と言うか、味付けといった意味でなら調理段階でも済む工程なのだが、それを素材の段階で付加する部分が連中の研究精神を燃え上がらせたようで。
どうも、魔物肉はそう言った部分に独特の法則が有る様子。
よく知らんけど。
しかも、この件に関しては誰も味方がいなかった。
味覚の洗脳が完了済みのミラテル嬢は言うも及ばず。
師匠に関しても程度は似たり寄ったり。むしろ、老い先短い方が生涯食事数の残りが少ない分、そっちに貪欲なようで。
結局、泣く泣く創ったさ。
現実にはあり得ない、食あたり成分皆無の完全な熟成肉。
細胞の一片一片にまで浸透したニクニク醤油風味の漬け肉。
味噌風味、カレー風味のバリエーションも有り。
日本人的には敬遠しがちなフルーツソース風味も多数。魔物肉は臭みの少ないので必要無い処置でもあるのだが、単純に甘さを増した肉は熟成肉が好まれるのと同じ理屈で好かれるようで。
また、庶民には既に浸透済みのくず肉利用な加工肉も暴露させられた。
特にモツ煮系が。内臓肉は新鮮でないと食す機会は減るし。

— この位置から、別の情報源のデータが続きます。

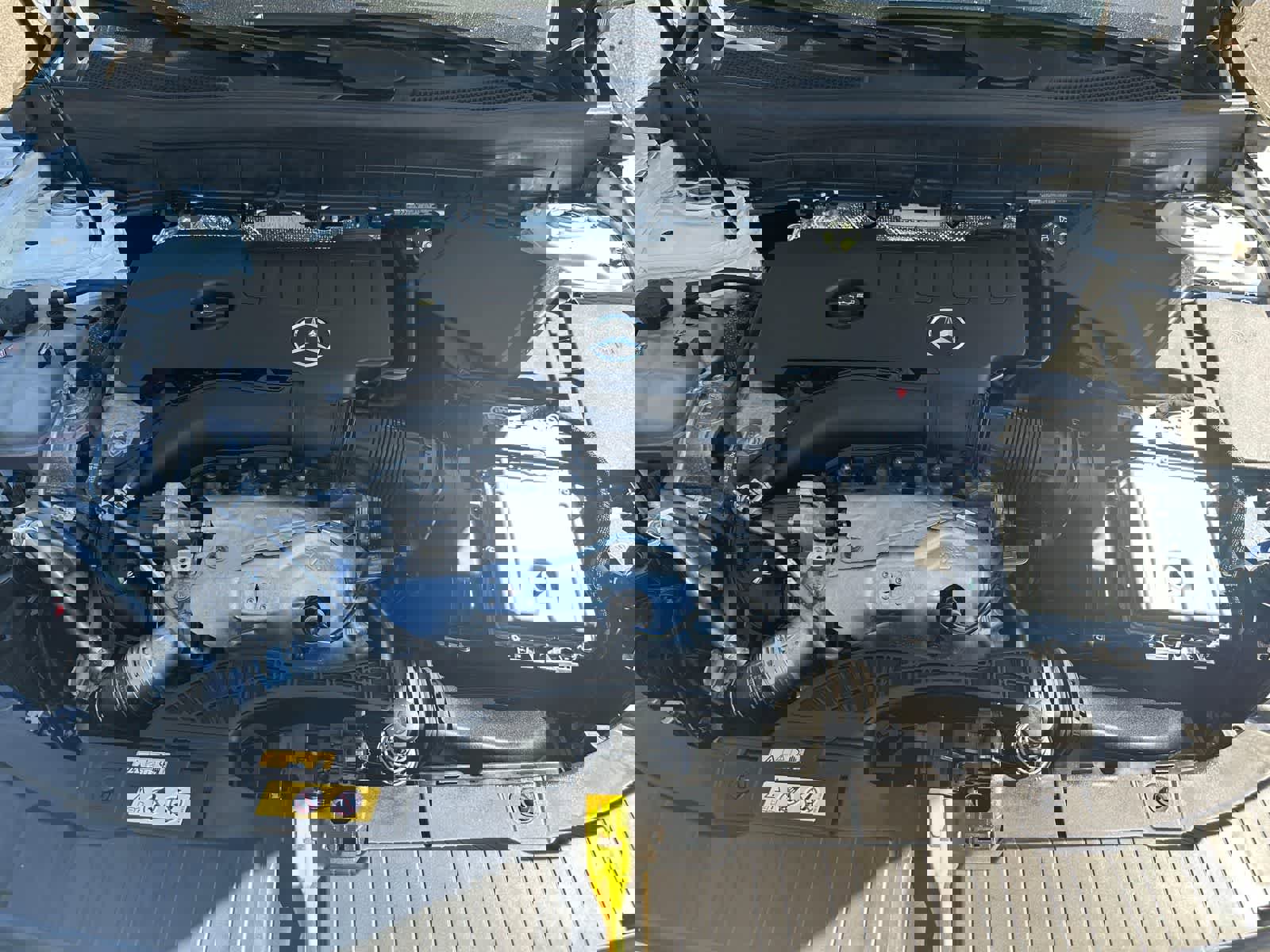 Used 2021 Mercedes-Benz GLB 250 4MATIC image 7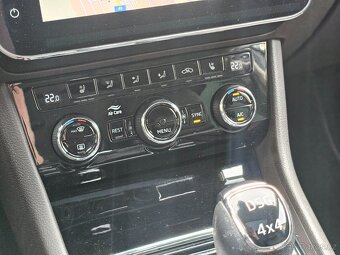 Škoda Superb III L&K 2.0 TDI 140kw DSG 4x4 KEYLESS PANO 2018 - 15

屠殺の現場とは縁遠い最高峰の魔術士たちには未知で独特の食感だったようで。
仕舞いには塔内に蓄獣まで連れてこられての解体ショーが始まったり、何処で用意したな感じの魔物まで持ってくる始末。
……いつの世も、何処の世界でも権力者の行動力は半端ない。
ああ、小さいながらも独裁国家との商談でそんな経験もしたっけなぁーな走馬灯が脳裏を過ぎったり。
出された珍味の食材に関しては絶対に黙秘する。
と言うか、今更だが記憶から消えろ。
何故思い出した、俺。
忘れた方が幸せだったと、思い出さない頃の感性が身をもって証明した内容だと言うのに。
ともあれ、この状況になったら嵐が沈静化するまで耐えるしか無いのは……前世で散々に経験済み。
ただ黙々と、自分は食品加工の器械でごぜーますの精神で頑張った。
流石に魔導国の中枢貴族が集まる場所と言うか、随分大勢の参加者が実演を見学はするものの……全然、我が身に習得という方向には行かないようで。
ちくしょう、これだから匙と実験器具より重い物を持った事がない連中はっ。
援軍の期待できない状況で孤軍奮闘で頑張ってたつもりだが、気付けばサポート要員が二名、何時の間にか参加していた。
……いや、二名?
と言うか、二体?
一体は色白の肌で金髪、青い目、長い耳をした……エルフさん?
ただし、外見のイメージはそのものでもサイズがね、2/3スケールと言うか、子共や少女ではなく、成人の印象のまま小型化したような誰某さん。
もう一体は、此方は完全に人外ので。
サイズは1/12な人形大で、背にトンボが生やすような虫の羽根を生やし、其れで宙を飛んでるやつ。
いわゆる妖精、フェアリーだ。
俺が気付いたのに釣られて周囲の連中も気付いたようで、実に静かに、その場が沈黙に包まれた。
しかし、当人(?)たちは我関せずと、何時の間に習熟したのか俺に劣らないレベルの作業を続けていたり。
だがやがて、まぁ、当然のように驚きからの沈黙も破られて。
その場は新たな未知への喧噪が支配する事となったのである。